[TASK GOAL]:
Print the line containing "Super Comfy BIG" and all lines after it, unchanged, through the end of the data. Leave the pictures out.

(SUPPLIED RECORDS begins)

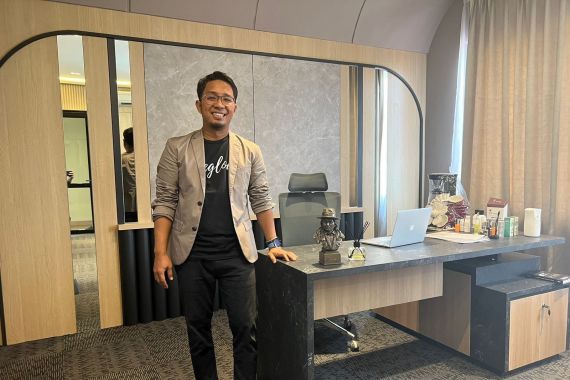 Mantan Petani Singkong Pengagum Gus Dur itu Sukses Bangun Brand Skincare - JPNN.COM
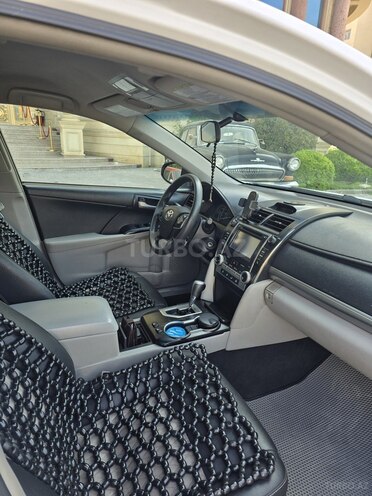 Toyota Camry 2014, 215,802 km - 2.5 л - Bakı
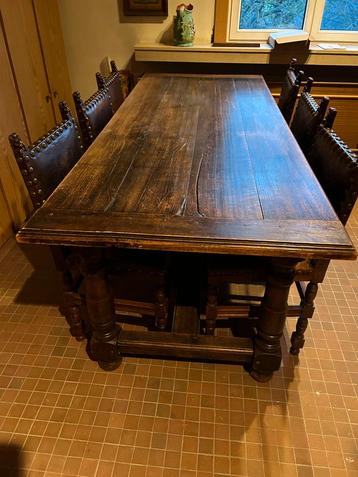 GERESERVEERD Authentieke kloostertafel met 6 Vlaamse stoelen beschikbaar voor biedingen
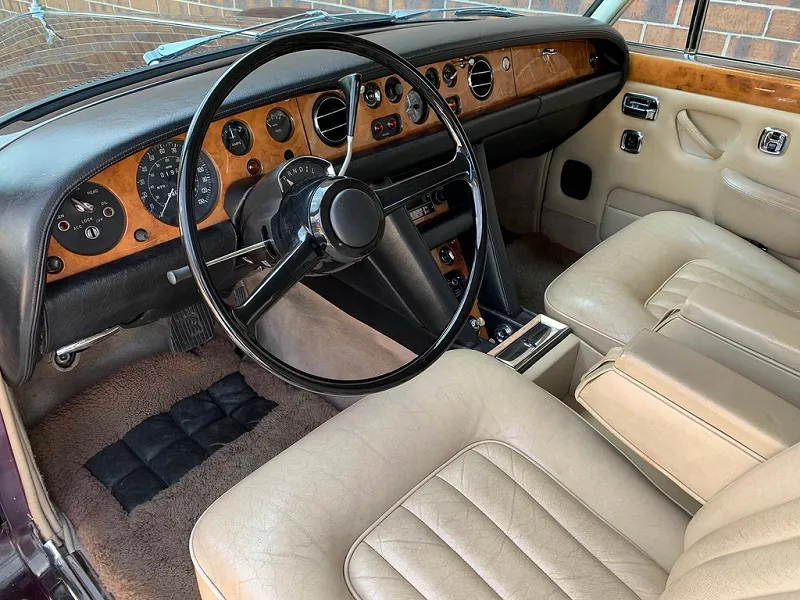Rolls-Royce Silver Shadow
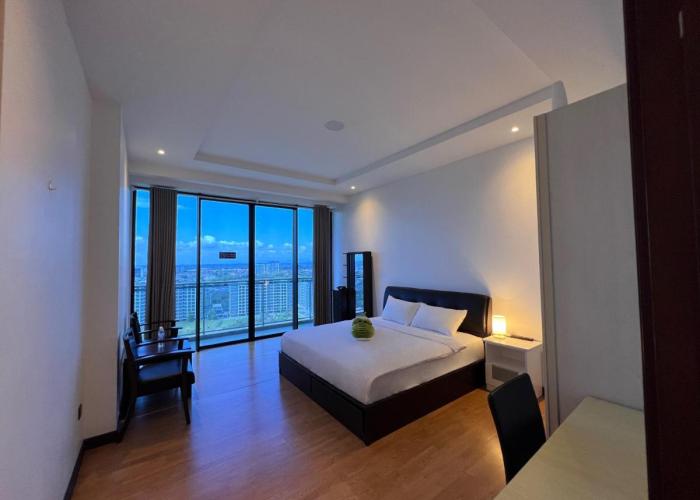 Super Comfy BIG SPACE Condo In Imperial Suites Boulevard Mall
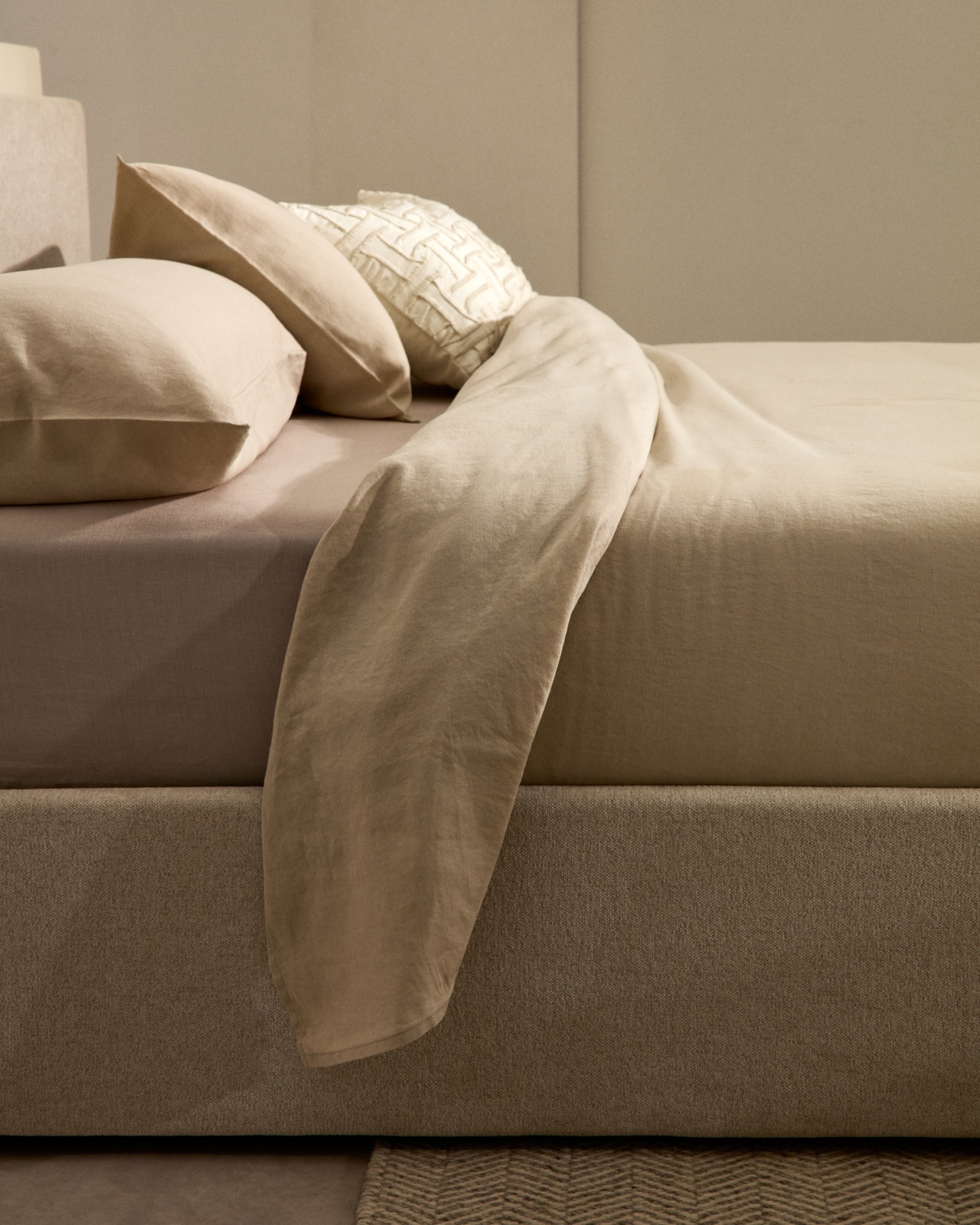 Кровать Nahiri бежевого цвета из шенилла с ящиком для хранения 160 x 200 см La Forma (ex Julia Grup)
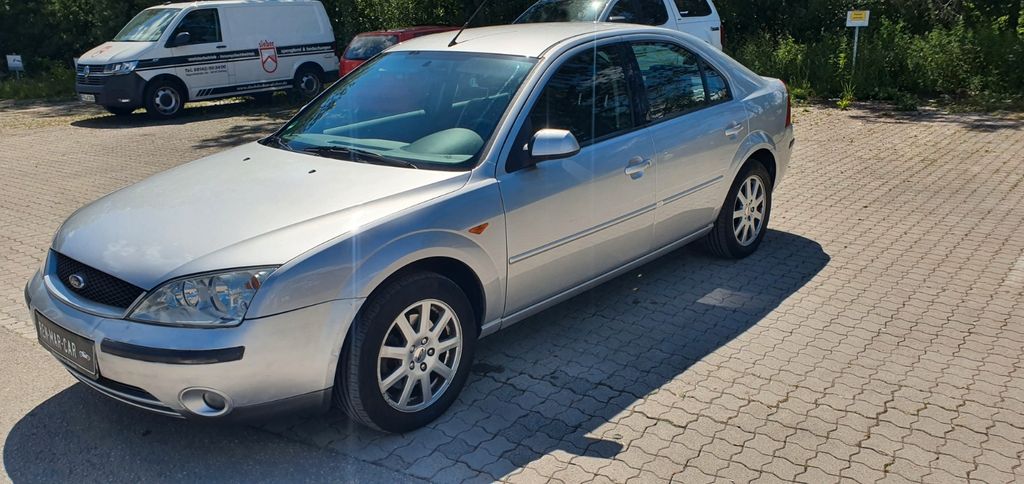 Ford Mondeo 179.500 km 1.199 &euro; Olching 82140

(SUPPLIED RECORDS ends)

[COMPLETED TASK]:
 Super Comfy BIG SPACE Condo In Imperial Suites Boulevard Mall
 Кровать Nahiri бежевого цвета из шенилла с ящиком для хранения 160 x 200 см La Forma (ex Julia Grup)
 Ford Mondeo 179.500 km 1.199 &euro; Olching 82140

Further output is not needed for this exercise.